What to work on: The answer must be a single number: the count of lines below that contain the string "Hotel".
[Start of section]
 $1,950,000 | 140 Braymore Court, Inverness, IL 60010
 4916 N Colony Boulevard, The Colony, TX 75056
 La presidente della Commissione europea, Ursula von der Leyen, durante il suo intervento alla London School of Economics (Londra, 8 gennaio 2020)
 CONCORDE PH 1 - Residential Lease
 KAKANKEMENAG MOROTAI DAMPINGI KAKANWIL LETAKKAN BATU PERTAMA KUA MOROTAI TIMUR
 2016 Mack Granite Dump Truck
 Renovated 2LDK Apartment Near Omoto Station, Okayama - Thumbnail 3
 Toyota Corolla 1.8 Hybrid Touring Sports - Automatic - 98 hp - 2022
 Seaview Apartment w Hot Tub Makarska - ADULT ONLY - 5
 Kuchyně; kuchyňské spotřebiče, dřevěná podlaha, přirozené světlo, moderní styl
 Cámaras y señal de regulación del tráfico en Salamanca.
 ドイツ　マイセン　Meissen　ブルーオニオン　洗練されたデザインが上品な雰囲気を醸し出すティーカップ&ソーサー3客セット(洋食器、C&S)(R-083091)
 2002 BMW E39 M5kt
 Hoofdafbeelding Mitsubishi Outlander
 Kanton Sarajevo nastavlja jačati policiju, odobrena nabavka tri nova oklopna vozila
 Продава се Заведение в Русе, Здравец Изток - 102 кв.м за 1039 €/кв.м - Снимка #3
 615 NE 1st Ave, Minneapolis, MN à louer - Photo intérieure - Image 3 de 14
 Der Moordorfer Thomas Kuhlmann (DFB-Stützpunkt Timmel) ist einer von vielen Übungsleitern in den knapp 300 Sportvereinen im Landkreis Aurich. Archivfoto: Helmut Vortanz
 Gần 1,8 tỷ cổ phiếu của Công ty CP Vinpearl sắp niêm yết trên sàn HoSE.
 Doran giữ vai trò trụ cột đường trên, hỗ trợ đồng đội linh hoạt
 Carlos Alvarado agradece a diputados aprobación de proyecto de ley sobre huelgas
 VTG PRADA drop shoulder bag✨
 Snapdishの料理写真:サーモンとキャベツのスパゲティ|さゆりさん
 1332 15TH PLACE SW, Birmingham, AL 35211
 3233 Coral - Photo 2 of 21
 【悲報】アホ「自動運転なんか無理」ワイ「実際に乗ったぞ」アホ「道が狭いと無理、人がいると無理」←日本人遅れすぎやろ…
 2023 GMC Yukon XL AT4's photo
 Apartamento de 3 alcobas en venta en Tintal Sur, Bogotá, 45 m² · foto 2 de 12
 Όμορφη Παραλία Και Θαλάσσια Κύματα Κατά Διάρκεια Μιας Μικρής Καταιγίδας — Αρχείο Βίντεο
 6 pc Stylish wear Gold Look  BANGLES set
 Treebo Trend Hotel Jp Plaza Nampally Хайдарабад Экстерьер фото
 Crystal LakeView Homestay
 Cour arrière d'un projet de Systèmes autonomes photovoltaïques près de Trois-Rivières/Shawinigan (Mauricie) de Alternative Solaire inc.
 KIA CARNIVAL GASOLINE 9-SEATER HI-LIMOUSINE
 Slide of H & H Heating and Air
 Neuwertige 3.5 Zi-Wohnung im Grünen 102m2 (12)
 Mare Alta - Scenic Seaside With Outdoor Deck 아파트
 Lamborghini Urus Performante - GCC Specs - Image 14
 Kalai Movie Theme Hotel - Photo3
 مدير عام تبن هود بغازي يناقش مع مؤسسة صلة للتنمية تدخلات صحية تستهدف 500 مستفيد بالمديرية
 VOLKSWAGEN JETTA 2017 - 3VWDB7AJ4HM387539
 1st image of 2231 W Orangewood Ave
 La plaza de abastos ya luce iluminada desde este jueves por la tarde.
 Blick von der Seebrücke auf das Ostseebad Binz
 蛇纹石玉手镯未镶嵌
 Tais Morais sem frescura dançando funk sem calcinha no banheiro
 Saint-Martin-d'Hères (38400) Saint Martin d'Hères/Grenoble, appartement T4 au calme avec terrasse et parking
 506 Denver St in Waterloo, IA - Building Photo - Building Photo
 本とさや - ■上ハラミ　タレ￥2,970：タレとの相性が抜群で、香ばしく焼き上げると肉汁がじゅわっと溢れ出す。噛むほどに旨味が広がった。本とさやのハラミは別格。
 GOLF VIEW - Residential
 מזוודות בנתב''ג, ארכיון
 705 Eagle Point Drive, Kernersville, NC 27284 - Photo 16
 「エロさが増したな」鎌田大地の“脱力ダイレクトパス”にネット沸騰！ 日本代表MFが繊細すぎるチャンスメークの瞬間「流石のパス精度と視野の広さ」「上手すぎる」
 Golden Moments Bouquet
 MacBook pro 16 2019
[End of section]
Reply: 2